HPE Machine Learning Development Environment provides insights into the usage of your cluster, measured in compute hours allocated. Note that this is based on allocation, not resource utilization. For example, if a user has 1 GPU allocated but uses only 20% of it, we still report one GPU hour.

Warning

The total used compute hours reported by HPE Machine Learning Development Environment may be less than those reported by the cloud provider. This discrepancy occurs because we do not include idle time (e.g., waiting for a GPU to become active or when a GPU is not scheduled with any jobs).

Warning

Data is aggregated by HPE Machine Learning Development Environment metadata (e.g., label, user) nightly. Therefore, any data visualized on the WebUI or downloaded via the endpoint reflects the state as of the previous night. Changes to the metadata of a previously run experiment (e.g., labels) will be updated after the next nightly aggregation.

Note

When using the export to CSV functionality, gpu_hours reflects only the GPU hours used during the export time window.

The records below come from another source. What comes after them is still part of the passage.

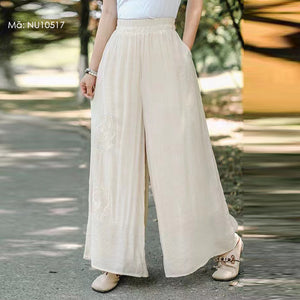 Quần baggy linen lưng cao thun thêu hoa văn tròn retro - NU10517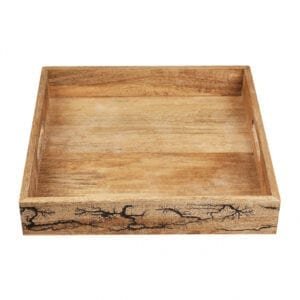 GRIPYOGA-WOODEN CRACKLE TRAY FOR TEA COFFEE SERVING-BROWN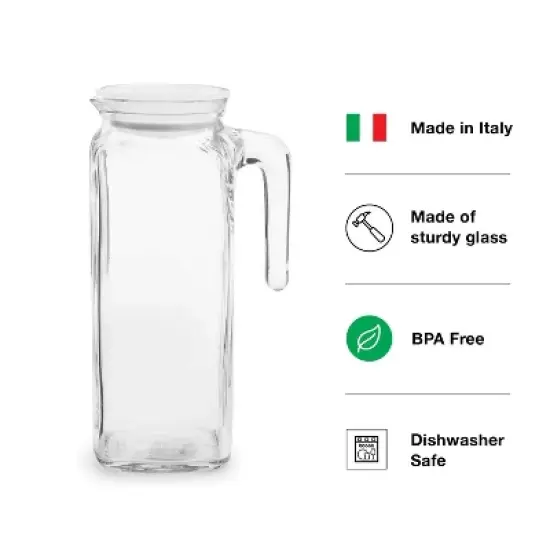 Bormioli Rocco Frigoverre Classic Jug 33.75 oz - with White Lid - Set of 2 image {3}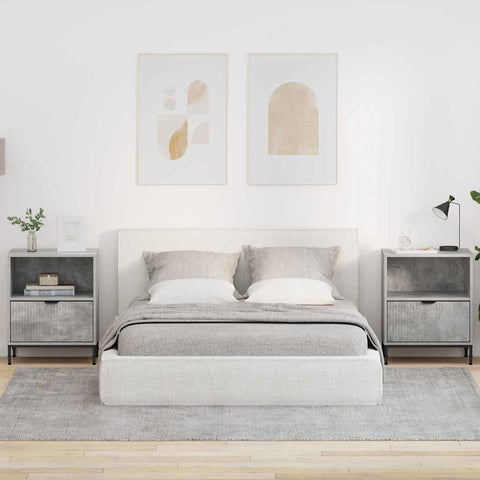 vidaXL Bedside Tables with Drawer 2 pcs Concrete grey 49 x 36 x 61 cm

This means that allocations overlapping the export window have their GPU hours calculated only for the time within the window. As a result, allocations not starting and ending within the export window may appear to have incorrect GPU hours when calculated manually from their start and end times.

WebUI Visualization#

WebUI visualizations provide a quick snapshot of the historical cluster usage:

WebUI showing historical cluster usage data

Command-line Interface#

Alternatively, you can use the CLI or the API endpoints to download resource allocation data for analysis:

  • det resources raw <start time> <end time>: Get raw allocation information. Times are in the format yyyy-mm-ddThh:mm:ssZ.

  • det resources aggregated <start date> <end date>: Get aggregated allocation information. Dates are in the format yyyy-mm-dd.